● **TASK TO COMPLETE**:
Find the line containing "ms2000-100ajs nbsp media" in the material below, then please transcribe it and each line after it exactly, without the pictures.

-------- RECORDS TO PROCESS

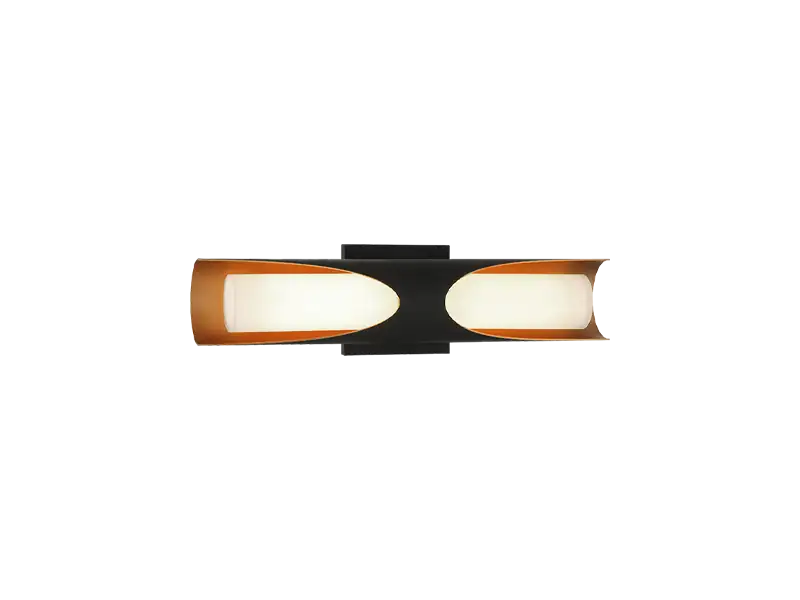 MATTEO, PEDRO WALL SCONCE, WALL SCONCES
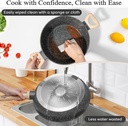 12pcs-pots-and-pans-set-non-stick-kitchen-cookware-sets-induction-cookware-nonst-05-31841028bb46fe24cc55a64f6439659f.jpg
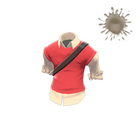 content image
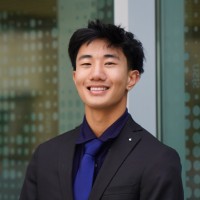 Allen Bui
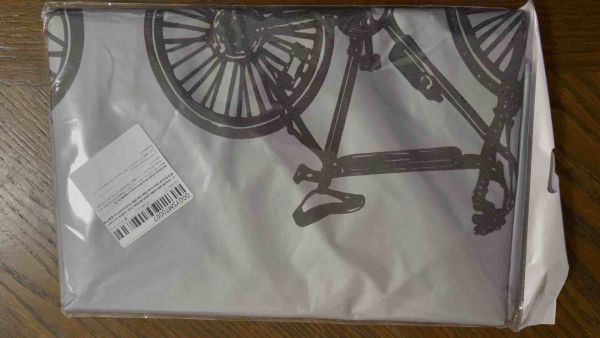 Buyer review video 2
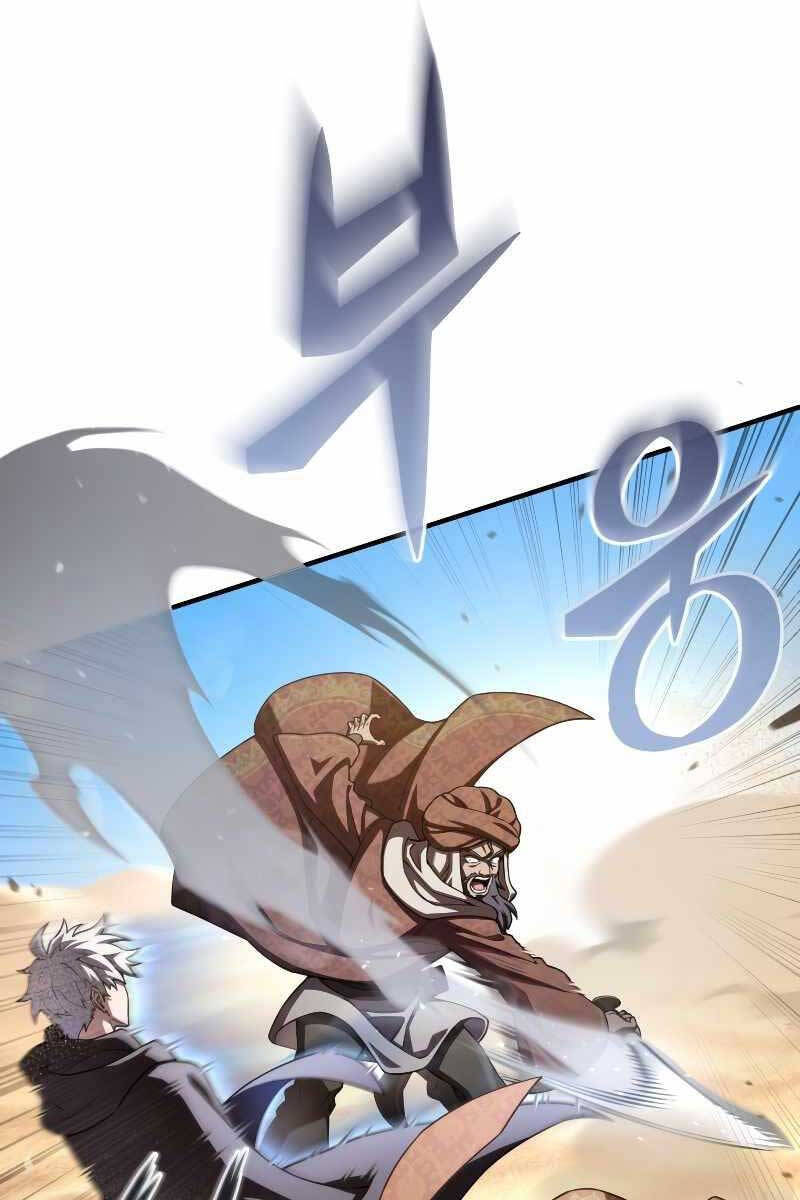 Luân Hồi Khốn Khiếp Chap 52 - Next Chap 53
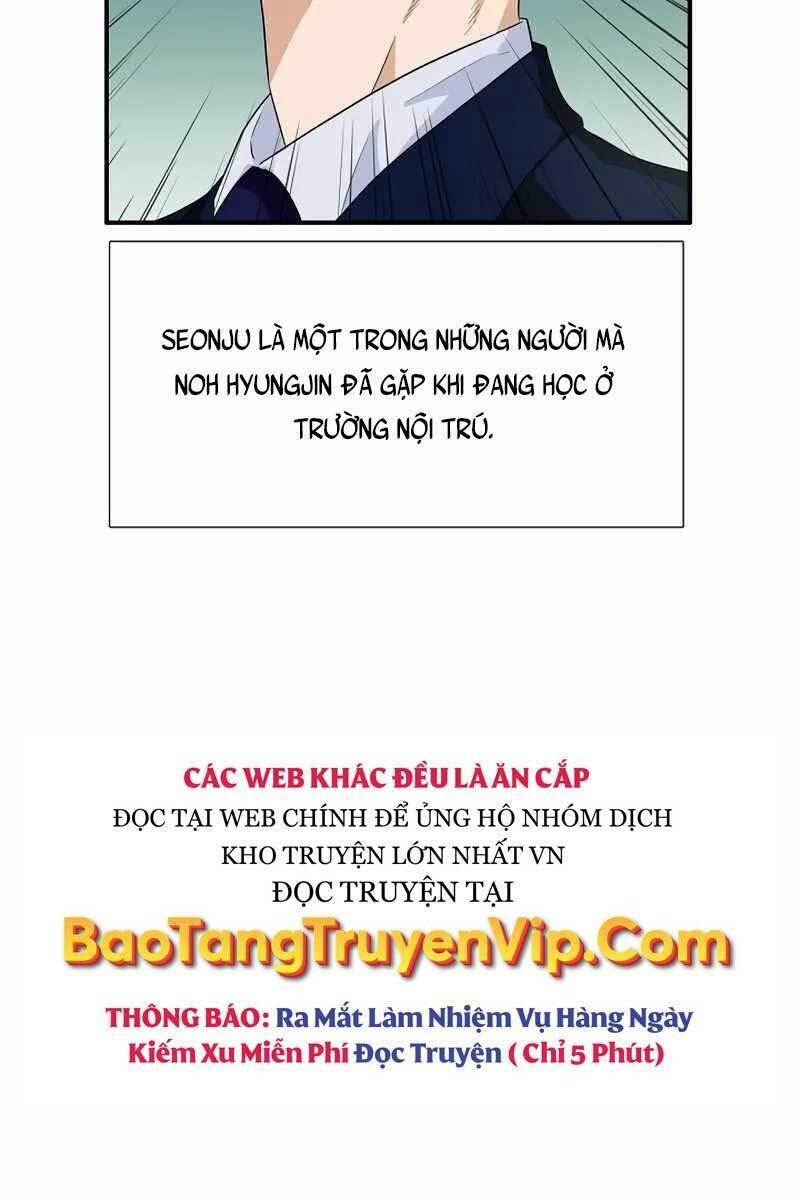 Đây Là Luật Tập 72 trang 86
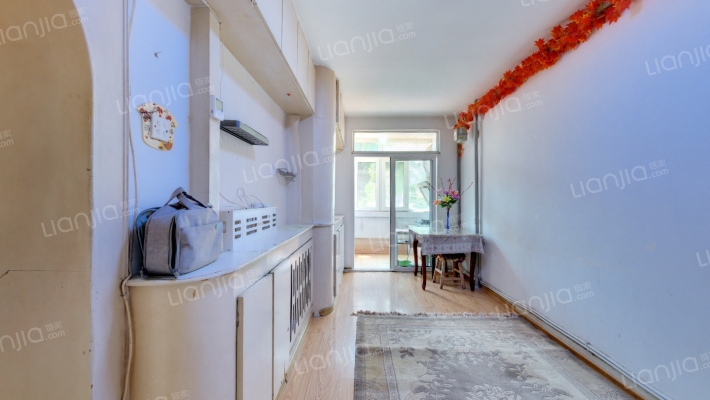 七迎路二手房实景图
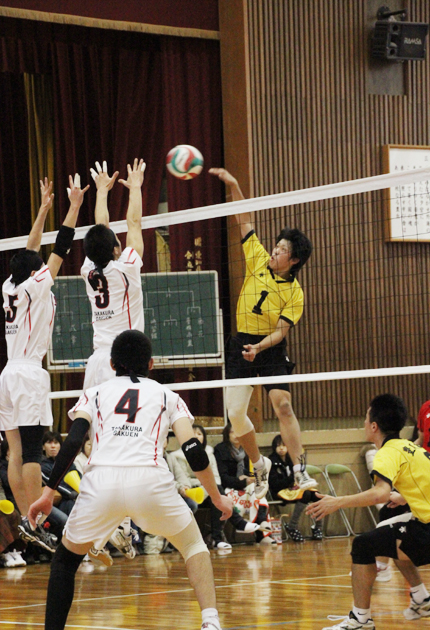 東日新聞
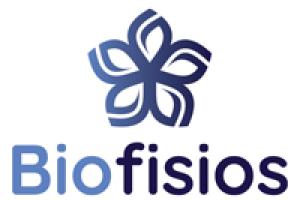 Biofisios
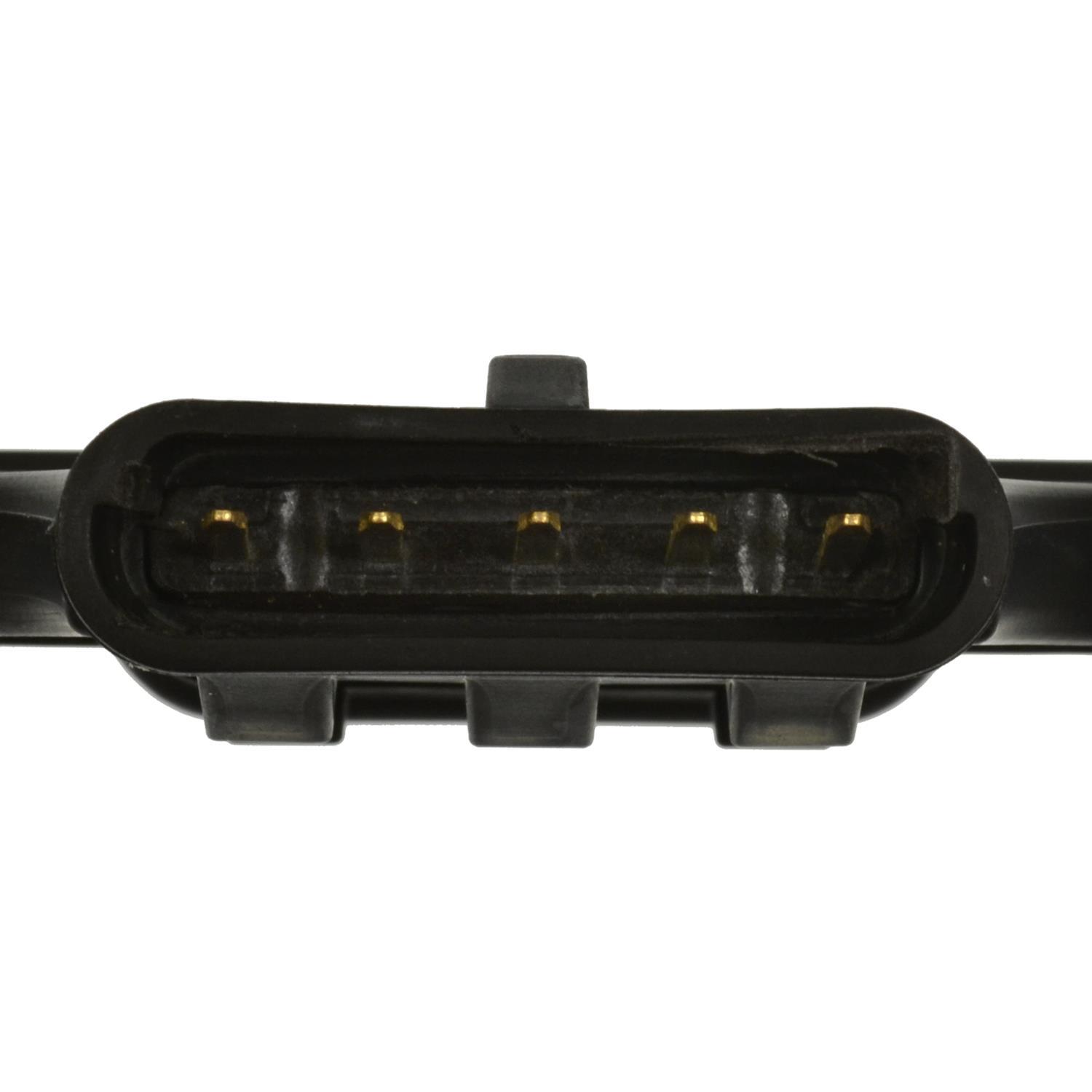 BWD VGK6 Engine Valve Cover Gasket product image 3 of 3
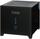 ms2000-100ajs nbsp media product features netgear
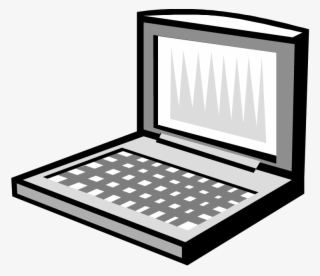 The Popcorn Reader #9705008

----------------

● **WRITTEN ANSWER**:
 ms2000-100ajs nbsp media product features netgear
 The Popcorn Reader #9705008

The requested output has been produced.